My head is so heavy that I feel my brain splitting, like a coconut being cracked. From 7:50 am sharp to 3:05 pm late I jam information, paper, and numerals, it’s just too much.


"Keep looking ahead J...."


Nothing is any bleaker than mid-January winter. Barely short of four and the sun is playfully hiding beyond the houses, minutes away from sinking out of sight. With the dimming light aided the glistening snow that laid comfortably over the sidewalks and street. 


Ingesting the crispy harsh air, I let a detoxifying breath, “Jeremiah, what do we got this weekend….”


Organizing the infinite swirl of thoughts I noted several awaiting futures: Tomorrow I have to shovel, that Chemistry report, not to mention I have that Sister Stuart Scholarship, and I know Matt was thinking ―


“WHOA! WHO IS ―”


“JEREMIAH? No way!”


A small electric jolt shot my pulses at the unexpected greeting. Pulling up next to me was a small black Honda CRV. My eyes still weren’t adjusting, probably from freeloading stress, for even as I shuffled through the snowy curb the driver was only a shadow. 


“C’mon Jeremiah,” stirring an ambient voice, “It’s Mae. Remember St. Charles?”


The coconut had officially cracked. Mae Dickinson? I haven’t talked to her since 8th-grade graduation. Wow, four years already? At St. Charles, I remember one time she stole the answer key for our math test. Hooked up the whole class with A's. She was kind of goofy though. I saw her from a distance at Cici's Tacos. All she did was stare and laugh. It wasn’t a mean though, it was more like I did something funny. But I know I wasn’t being funny.

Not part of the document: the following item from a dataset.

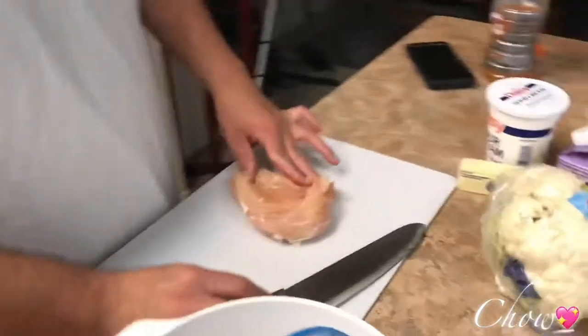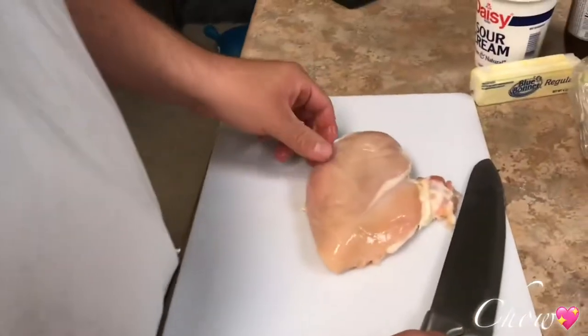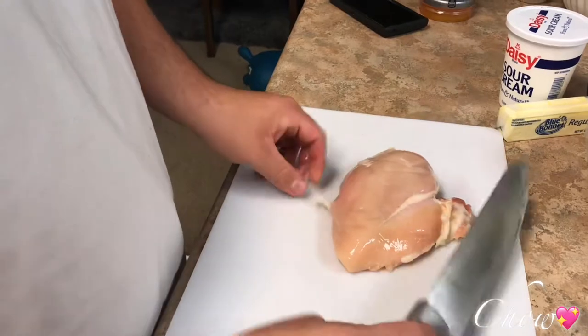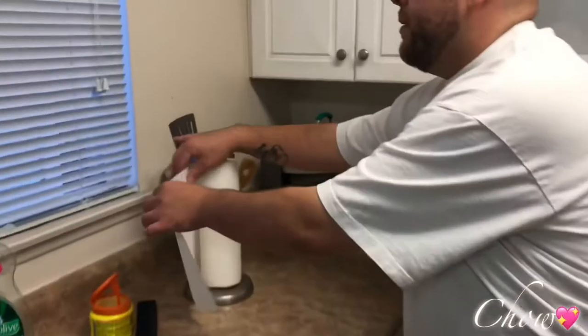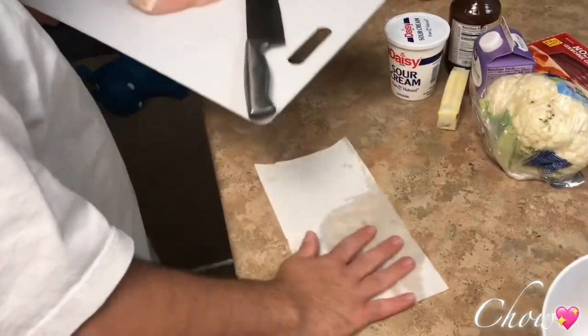It's necessary to have a sharp knife. You can always put a napkin or a rag under your cutting board so it doesn't slide. You see how it's sliding? Use a damp napkin — not too wet, just damp. See? Some healthy tips for home.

I bragged a smile, “Oh no Mae Dickinson? We got trouble, I can’t.”


“Where are you going?”


Pointing generally ahead of myself, “Home. I live just a couple ―”


“No, c’mon Jeremiah I’ll give you a ride.”

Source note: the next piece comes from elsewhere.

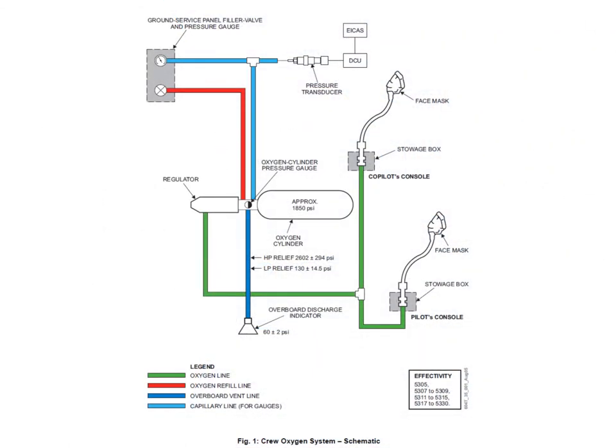The oxygen system has a couple of configurations. This one here is a single bottle configuration, but you might also have a dual bottle configuration — we'll look at that on the next slide. The dual bottle configuration is for later models and also some earlier serial numbers. This picture shows the crew system with a single bottle, charged up to a nominal 1850 psi, with a pressure regulator that reduces that pressure down to about 60 to 70 psi, sending it out to the crew mask boxes.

She was giggling as she said it, but I know Mae, it wasn’t mischievous. Still, I didn’t mind walking home given the way everyone looks, so wintery, so pleased with the cold. But, it doesn’t hurt to get ahead on tomorrow.


I was genuine, “Oh really Mae, thanks so much. Give just one second.” 


I don’t know why but I became shaky, not cold-shaky, but as though a gentle taser was latched to one of my sides. 


Calling concerningly, “You okay Jeremiah?”


“Ya just one ― OH SHIT!” 


I was one step, just one, and my left foot gave up. Slipping on snow or ice, my body flung sideways before I erratic clung to the door, and collapsed on the passenger seat, banging my head along the way. 


She laughed contagiously, “JEREMIAH, ARE YOU OKAY?”


More embarrassed really. That and my right temple itched heavily.


“Oh, I’m good Mae. Don’t worry,” laughing along. 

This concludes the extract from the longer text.